**Work item:** Print, exactly as written, the line in the entries below that contains "Stoff ´n´ Schnack" and every line after it up to and including the last. Omit pictures.

Saved data entries:

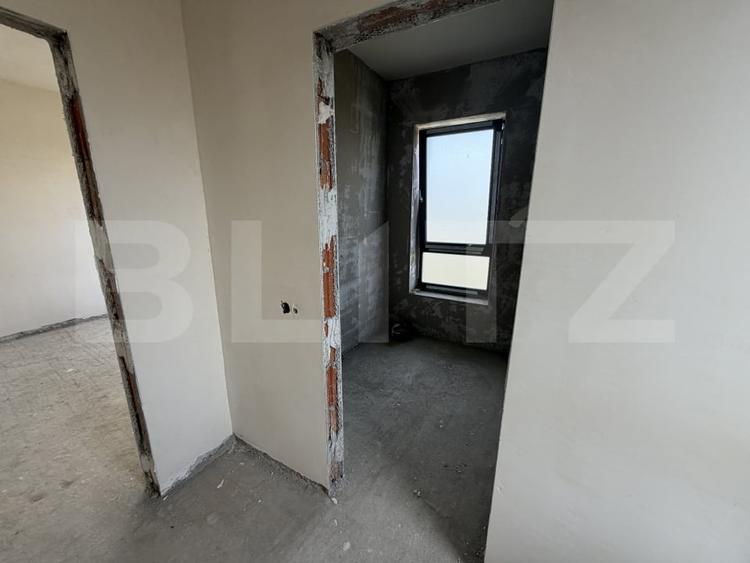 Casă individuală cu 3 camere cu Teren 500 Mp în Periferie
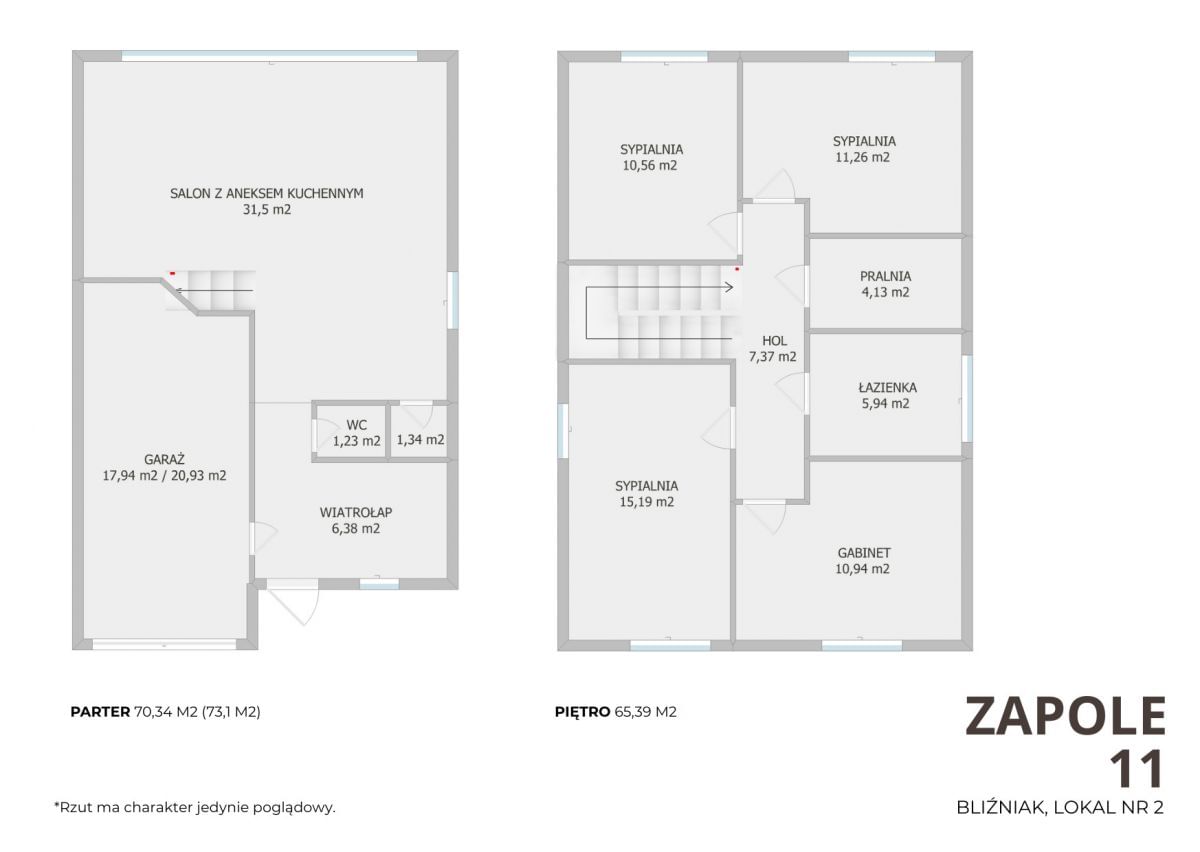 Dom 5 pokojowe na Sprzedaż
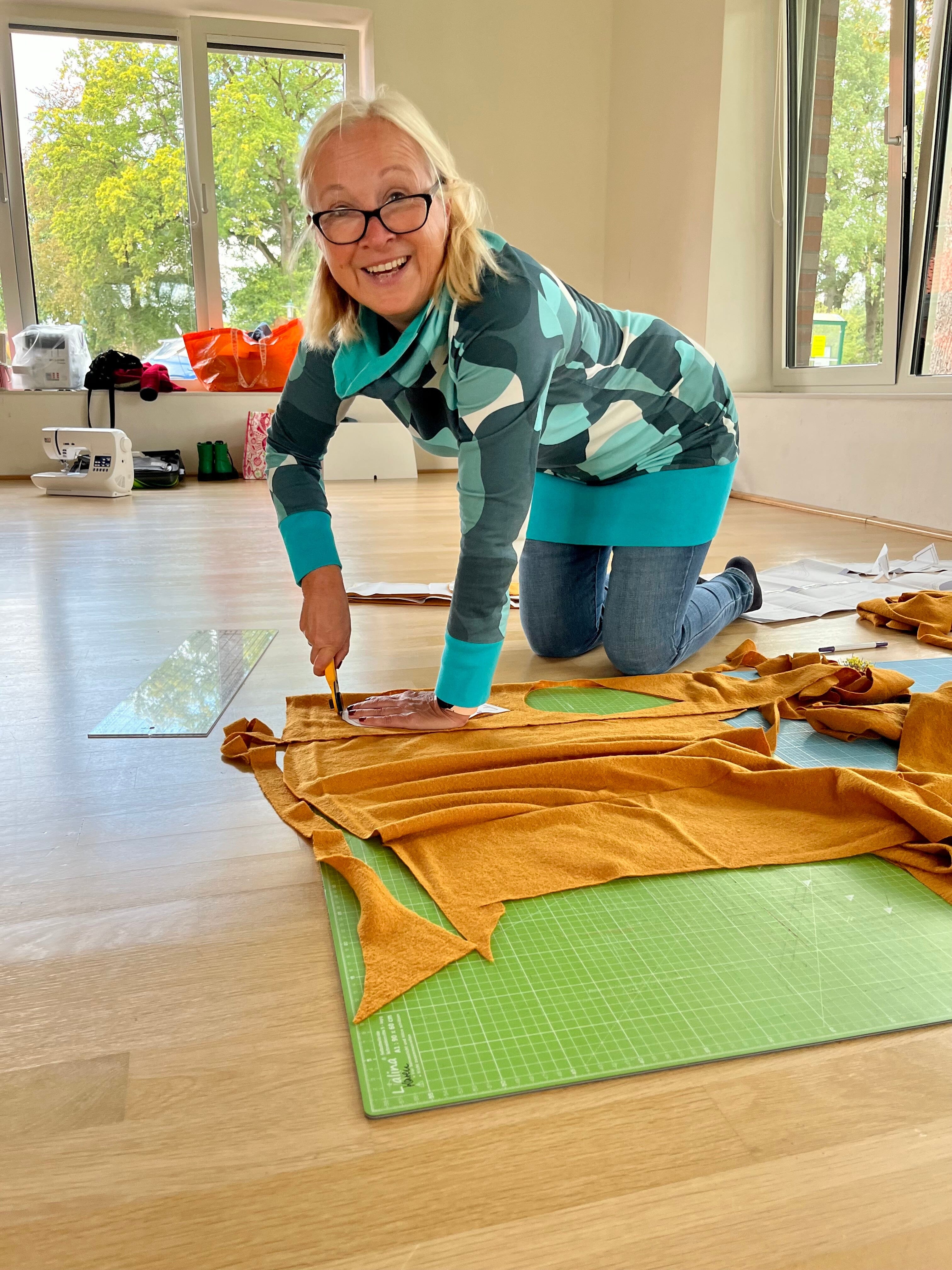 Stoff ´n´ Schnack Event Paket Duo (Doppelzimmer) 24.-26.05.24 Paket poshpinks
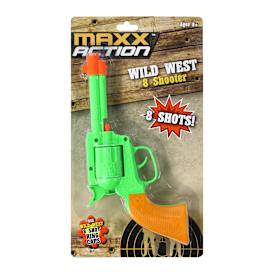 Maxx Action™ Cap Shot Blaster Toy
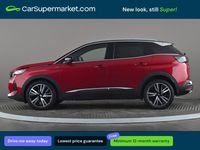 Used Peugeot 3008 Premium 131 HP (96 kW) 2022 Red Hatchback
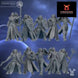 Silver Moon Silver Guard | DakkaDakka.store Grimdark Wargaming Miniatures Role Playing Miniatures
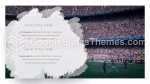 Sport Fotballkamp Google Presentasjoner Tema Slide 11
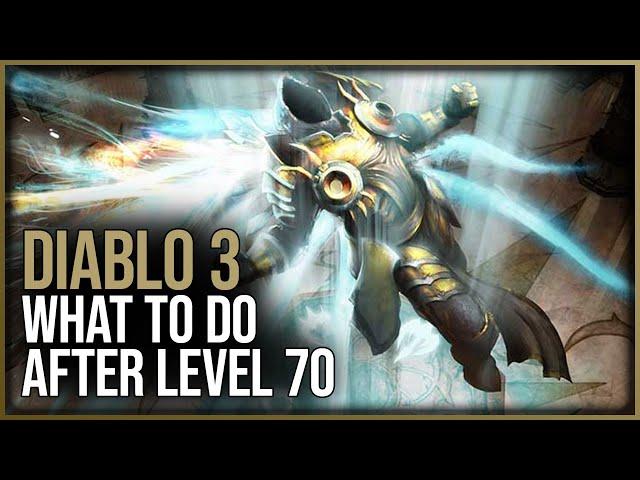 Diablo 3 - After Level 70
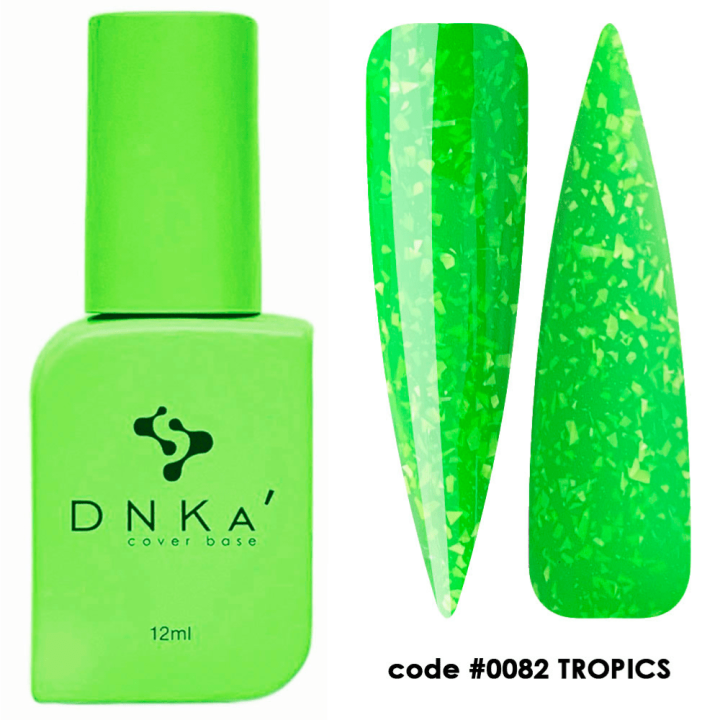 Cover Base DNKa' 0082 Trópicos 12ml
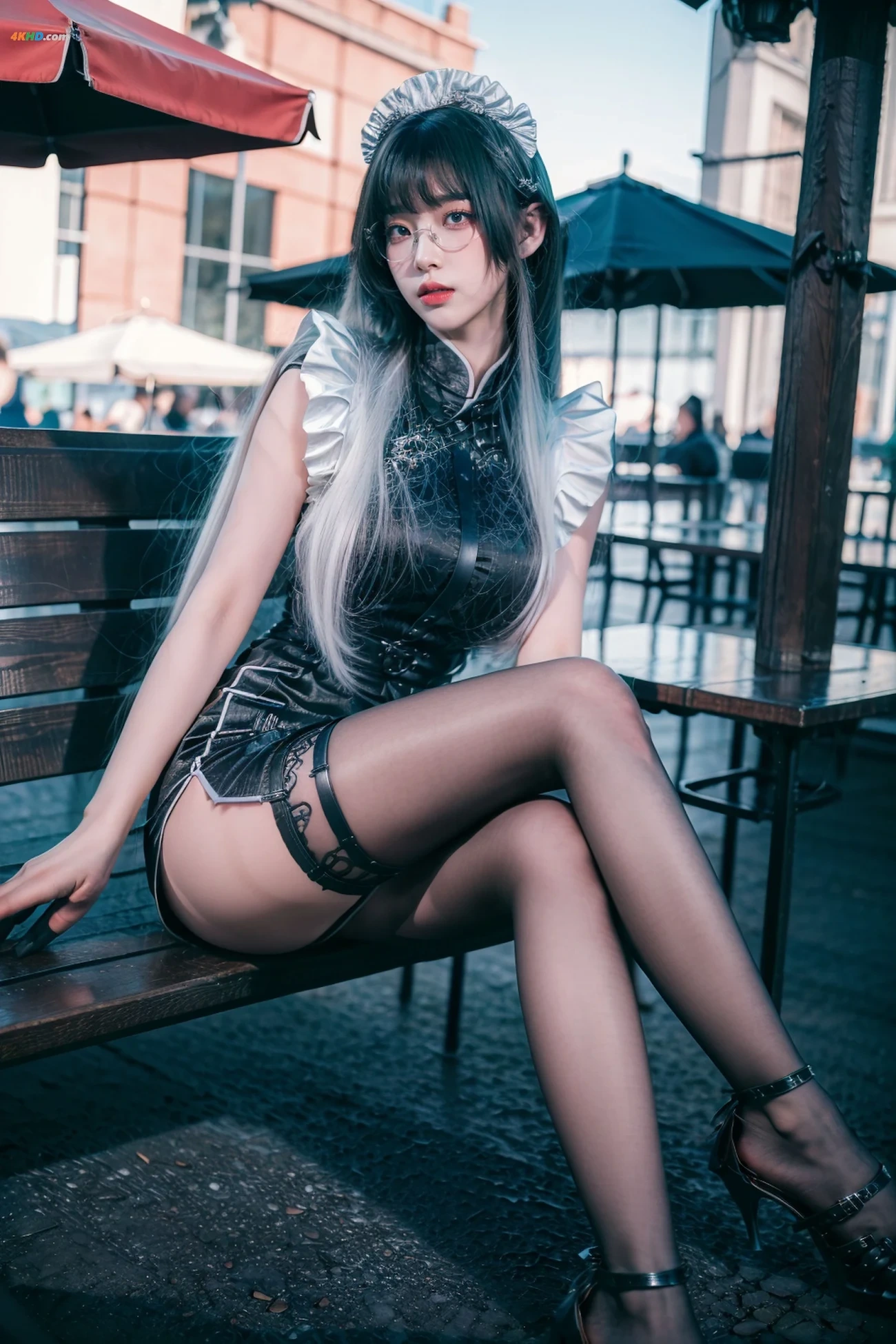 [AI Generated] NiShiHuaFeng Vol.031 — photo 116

**Your response:**
 Stoff ´n´ Schnack Event Paket Duo (Doppelzimmer) 24.-26.05.24 Paket poshpinks
 Maxx Action™ Cap Shot Blaster Toy
 Used Peugeot 3008 Premium 131 HP (96 kW) 2022 Red Hatchback
 Silver Moon Silver Guard | DakkaDakka.store Grimdark Wargaming Miniatures Role Playing Miniatures
 Sport Fotballkamp Google Presentasjoner Tema Slide 11
 Diablo 3 - After Level 70
 Cover Base DNKa' 0082 Trópicos 12ml
 [AI Generated] NiShiHuaFeng Vol.031 — photo 116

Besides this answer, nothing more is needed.